The statistic column in the regression table is a tricky one, however. It corresponds to a standardized t-test statistic, much like the two-sample \(t\) statistic we saw in Subsection 9.6.1 where we used a theory-based method for conducting hypothesis tests. In both these cases, the null distribution can be mathematically proven to be a \(t\)-distribution. Since such test statistics are tricky for individuals new to statistical inference to study, we’ll skip this and jump into interpreting the \(p\)-value. If you’re curious, we have included a discussion of this standardized t-test statistic in Subsection 10.5.1.

10.2.3 p-value

The fifth column of the regression table in Table 10.1 p_value corresponds to the p-value of the hypothesis test \(H_0: \beta_1 = 0\) versus \(H_A: \beta_1 \neq 0\).
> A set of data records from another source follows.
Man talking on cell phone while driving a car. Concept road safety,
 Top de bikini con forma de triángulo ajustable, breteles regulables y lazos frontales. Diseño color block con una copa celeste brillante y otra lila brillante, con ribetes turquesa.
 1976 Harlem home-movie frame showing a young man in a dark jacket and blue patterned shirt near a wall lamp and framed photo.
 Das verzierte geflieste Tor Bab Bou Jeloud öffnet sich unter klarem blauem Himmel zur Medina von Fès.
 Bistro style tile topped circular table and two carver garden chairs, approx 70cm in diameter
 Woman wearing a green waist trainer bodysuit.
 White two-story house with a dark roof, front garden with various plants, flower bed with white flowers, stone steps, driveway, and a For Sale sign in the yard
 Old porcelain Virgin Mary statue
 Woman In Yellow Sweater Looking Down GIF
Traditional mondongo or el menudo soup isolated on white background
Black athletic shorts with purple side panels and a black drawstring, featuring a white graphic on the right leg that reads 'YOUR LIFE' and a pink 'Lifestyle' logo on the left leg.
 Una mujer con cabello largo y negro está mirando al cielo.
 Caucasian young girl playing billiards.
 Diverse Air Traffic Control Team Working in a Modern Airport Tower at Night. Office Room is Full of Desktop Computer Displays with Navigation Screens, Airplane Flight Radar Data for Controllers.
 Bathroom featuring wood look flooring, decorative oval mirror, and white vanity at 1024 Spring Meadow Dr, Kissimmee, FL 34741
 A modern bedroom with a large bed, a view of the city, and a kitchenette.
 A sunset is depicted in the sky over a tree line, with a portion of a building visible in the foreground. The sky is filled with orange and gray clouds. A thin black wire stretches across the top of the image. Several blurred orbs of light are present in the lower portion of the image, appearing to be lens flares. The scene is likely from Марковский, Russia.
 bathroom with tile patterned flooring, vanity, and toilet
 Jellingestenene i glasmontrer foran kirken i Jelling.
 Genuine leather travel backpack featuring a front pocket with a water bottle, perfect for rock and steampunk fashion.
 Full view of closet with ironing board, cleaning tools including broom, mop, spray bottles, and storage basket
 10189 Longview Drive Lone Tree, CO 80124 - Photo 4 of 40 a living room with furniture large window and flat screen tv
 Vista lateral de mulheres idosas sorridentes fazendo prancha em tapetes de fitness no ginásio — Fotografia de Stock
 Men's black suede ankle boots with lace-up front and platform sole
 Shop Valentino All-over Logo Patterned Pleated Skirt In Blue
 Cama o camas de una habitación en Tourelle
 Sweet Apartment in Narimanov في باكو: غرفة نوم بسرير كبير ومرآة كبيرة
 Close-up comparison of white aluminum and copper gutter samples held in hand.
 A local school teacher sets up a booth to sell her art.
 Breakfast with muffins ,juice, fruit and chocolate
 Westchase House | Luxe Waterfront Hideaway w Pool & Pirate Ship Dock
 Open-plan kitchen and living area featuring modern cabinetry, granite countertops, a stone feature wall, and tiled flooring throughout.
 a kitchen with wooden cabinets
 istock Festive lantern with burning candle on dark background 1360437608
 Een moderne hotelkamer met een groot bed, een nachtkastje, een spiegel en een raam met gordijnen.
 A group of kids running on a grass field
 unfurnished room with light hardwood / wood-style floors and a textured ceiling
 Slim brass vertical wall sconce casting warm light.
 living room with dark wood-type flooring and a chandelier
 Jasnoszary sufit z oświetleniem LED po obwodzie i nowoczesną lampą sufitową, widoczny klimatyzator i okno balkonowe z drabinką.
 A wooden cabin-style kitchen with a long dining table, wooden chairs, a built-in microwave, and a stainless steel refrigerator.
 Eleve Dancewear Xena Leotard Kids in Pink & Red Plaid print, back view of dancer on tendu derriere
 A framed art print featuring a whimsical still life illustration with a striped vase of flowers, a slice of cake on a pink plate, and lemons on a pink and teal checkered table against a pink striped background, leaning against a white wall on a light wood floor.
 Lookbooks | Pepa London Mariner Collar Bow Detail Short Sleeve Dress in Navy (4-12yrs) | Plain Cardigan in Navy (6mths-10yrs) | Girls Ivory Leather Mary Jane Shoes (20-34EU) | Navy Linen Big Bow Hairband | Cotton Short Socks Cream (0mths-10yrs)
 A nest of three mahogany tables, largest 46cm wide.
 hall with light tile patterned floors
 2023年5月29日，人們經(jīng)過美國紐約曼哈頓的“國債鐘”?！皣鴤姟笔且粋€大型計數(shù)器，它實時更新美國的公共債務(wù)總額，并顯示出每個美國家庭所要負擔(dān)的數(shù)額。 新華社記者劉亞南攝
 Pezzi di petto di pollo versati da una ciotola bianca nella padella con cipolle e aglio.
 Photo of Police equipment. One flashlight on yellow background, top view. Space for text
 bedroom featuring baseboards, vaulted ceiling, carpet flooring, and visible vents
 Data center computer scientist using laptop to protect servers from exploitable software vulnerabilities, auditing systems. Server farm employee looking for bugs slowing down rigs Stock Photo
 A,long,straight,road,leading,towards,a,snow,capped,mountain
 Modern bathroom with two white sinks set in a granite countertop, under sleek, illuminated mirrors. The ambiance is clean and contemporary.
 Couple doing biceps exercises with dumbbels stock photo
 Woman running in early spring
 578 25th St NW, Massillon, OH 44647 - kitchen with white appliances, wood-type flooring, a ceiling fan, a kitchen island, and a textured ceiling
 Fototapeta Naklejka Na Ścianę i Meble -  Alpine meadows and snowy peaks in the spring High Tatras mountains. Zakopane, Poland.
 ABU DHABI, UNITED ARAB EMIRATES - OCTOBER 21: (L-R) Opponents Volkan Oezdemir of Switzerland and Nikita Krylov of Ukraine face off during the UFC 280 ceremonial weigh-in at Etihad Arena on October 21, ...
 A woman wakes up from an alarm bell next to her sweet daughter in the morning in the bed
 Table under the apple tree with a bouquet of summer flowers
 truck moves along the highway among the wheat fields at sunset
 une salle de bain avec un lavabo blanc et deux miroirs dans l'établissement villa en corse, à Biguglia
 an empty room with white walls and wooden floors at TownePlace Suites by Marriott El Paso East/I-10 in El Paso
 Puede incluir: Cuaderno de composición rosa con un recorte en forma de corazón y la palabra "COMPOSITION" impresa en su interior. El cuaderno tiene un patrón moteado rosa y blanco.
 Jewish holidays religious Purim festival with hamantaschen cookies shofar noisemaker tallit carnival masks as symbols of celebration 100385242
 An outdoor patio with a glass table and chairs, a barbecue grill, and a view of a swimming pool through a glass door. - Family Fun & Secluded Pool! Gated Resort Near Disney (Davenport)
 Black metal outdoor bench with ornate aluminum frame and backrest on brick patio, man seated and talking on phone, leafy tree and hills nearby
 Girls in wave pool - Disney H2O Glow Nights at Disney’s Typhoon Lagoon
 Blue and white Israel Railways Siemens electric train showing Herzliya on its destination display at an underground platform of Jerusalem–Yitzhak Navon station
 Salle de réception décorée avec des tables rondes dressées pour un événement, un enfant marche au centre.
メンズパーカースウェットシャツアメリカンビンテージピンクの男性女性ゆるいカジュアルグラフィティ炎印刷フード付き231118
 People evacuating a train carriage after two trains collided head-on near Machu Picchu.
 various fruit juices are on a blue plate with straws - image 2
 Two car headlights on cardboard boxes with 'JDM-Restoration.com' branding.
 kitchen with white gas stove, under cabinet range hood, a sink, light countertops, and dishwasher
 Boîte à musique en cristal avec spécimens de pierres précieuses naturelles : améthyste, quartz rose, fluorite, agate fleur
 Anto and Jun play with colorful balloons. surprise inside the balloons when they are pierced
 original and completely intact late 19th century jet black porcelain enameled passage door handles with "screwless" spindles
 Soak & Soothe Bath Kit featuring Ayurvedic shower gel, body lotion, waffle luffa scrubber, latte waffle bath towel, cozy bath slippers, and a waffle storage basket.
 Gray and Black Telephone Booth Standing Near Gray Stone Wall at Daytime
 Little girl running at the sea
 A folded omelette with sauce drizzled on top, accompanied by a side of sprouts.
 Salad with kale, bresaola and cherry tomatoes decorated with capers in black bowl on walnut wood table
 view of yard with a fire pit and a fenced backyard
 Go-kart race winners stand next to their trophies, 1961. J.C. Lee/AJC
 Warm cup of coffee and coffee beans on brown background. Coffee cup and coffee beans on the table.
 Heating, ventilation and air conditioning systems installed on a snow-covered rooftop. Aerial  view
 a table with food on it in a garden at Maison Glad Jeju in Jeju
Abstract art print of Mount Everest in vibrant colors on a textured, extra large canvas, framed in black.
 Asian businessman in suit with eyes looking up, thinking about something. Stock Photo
Again recalling our terminology, notation, and definitions related to hypothesis tests we introduced in Section 9.2, let’s focus on the definition of the \(p\)-value:

A p-value is the probability of obtaining a test statistic just as extreme or more extreme than the observed test statistic assuming the null hypothesis \(H_0\) is true.

Recall that you can intuitively think of the \(p\)-value as quantifying how “extreme” the observed fitted slope of \(b_1\) = 0.067 is in a “hypothesized universe” where there is no relationship between teaching and “beauty” scores.

Following the hypothesis testing procedure we outlined in Section 9.4, since the \(p\)-value in this case is 0, for any choice of significance level \(\alpha\) we would reject \(H_0\) in favor of \(H_A\). Using non-statistical language, this is saying: we reject the hypothesis that there is no relationship between teaching and “beauty” scores in favor of the hypothesis that there is. That is to say, the evidence suggests there is a significant relationship, one that is positive.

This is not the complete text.